Three strikes laws, still in place in many states, usually result in functional life sentences. They can be imposed for crimes such as stealing a sandwich, as in the case of Larry Dayries (who got 70 years). These laws are constitutional.
A common knee-jerk reaction is that if this is the state of criminal justice, Chauvin should be getting much worse. But focusing on that alone, rather then questioning the state of criminal justice itself, actually subverts the message of Black Lives Matter.
The whole damn system is guilty as hell, but it matters how and why.
As of 2010, there were roughly 5x as many white Americans as Black Americans, and yet the prison population was plurality-Black. This is not a system where Black lives matter. Asking for Chauvin and the other officers to receive a punishment that is consistent with this system does not solve the underlying problem. It instead props up an institution that itself needs to be overhauled, if not abolished outright.
What do long sentences actually do, anyway? First-year law school students learn that there are four theories of punishment: rehabilitation, deterrence, retribution, and incapacitation.
As it turns out, the justifications for long sentences are generally a load of crap.
We usually concede now that prisons don’t actually rehabilitate, at least by design. We’re still cutting things out of prisons that could change that. I think regularly about the line-item vetoes for educational resources in deep-blue New York.
And long sentences have been shown to have virtually no statistical correlation to deterrence, either. Deterrence is more closely linked to the likelihood of being caught than the severity of the sentence.

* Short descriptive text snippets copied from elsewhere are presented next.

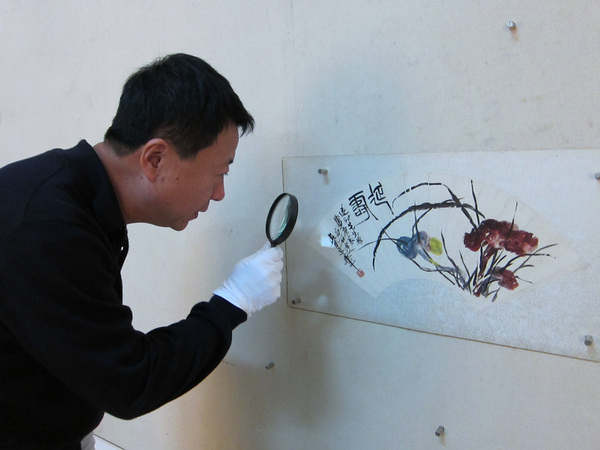 4、盛鸣在湘潭齐白石纪念馆研究齐白石扇面作品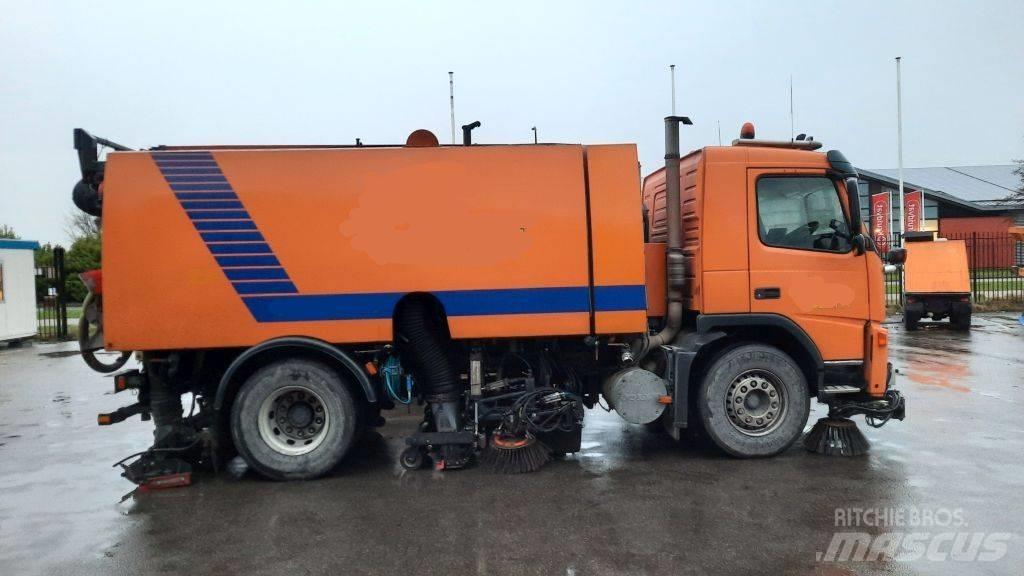 Volvo FM9 + Beam CX800 Sweeper trucks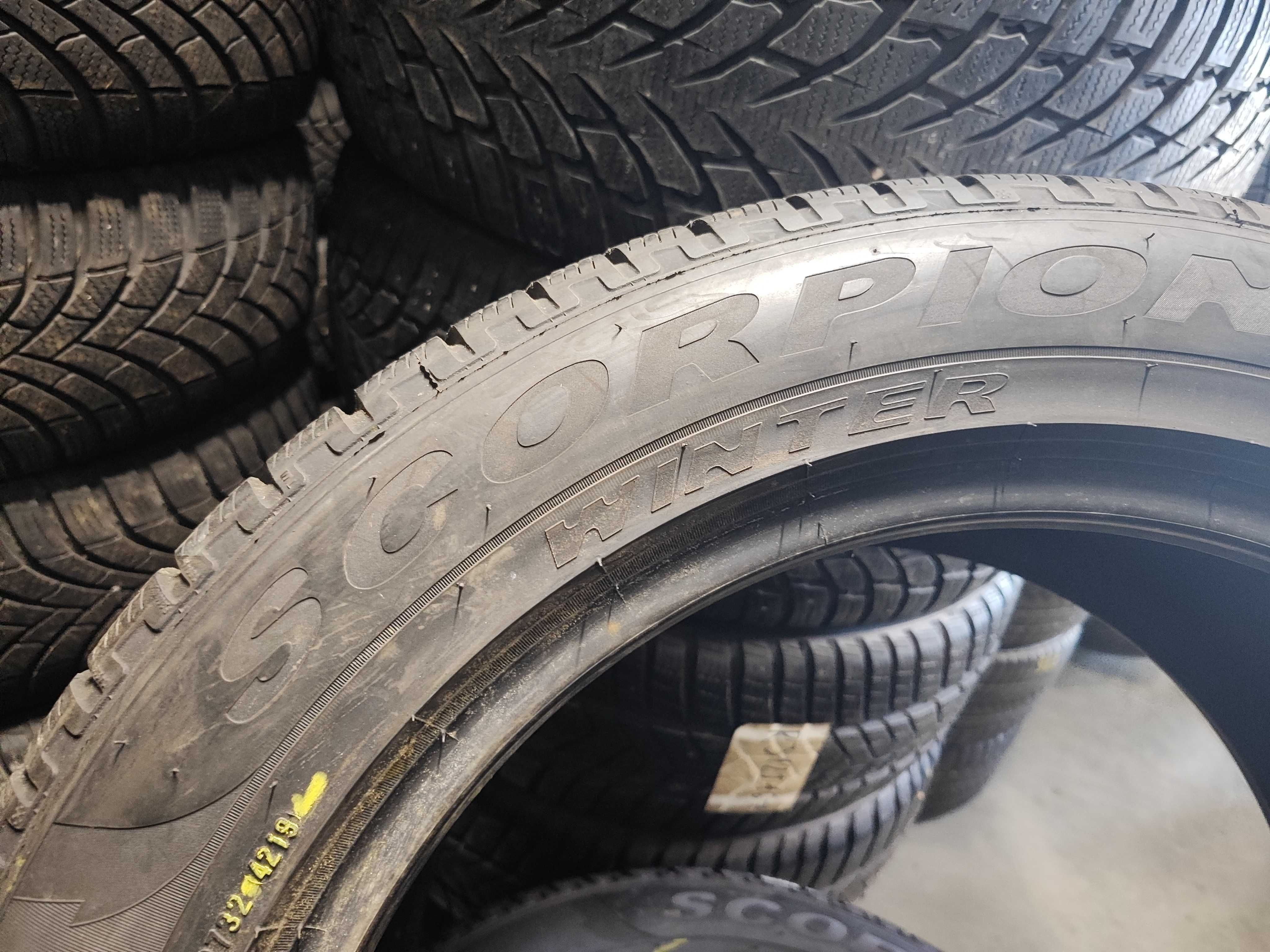 4бр. зимни гуми 235/55/18 Pirelli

Retribution is, in simplified form, you do an X-level bad thing, you get an X-level bad punishment. Put another way, retributive thinking about punishment is more concerned about the relative magnitude of punishment than their absolute magnitude.
That leaves incapacitation. Lengthy prison sentences are very good at this.
But the term itself signifies that these are lives we’re throwing away. And not just any lives, but disproportionately Black lives.
And I do mean throwing away. 1 in 7 inmates is serving a life sentence. For Black inmates, that number is 1 in 5. These folks have virtually no chance (or literally no chance) to redeem themselves.
We’ve said, in no uncertain terms: You don’t matter.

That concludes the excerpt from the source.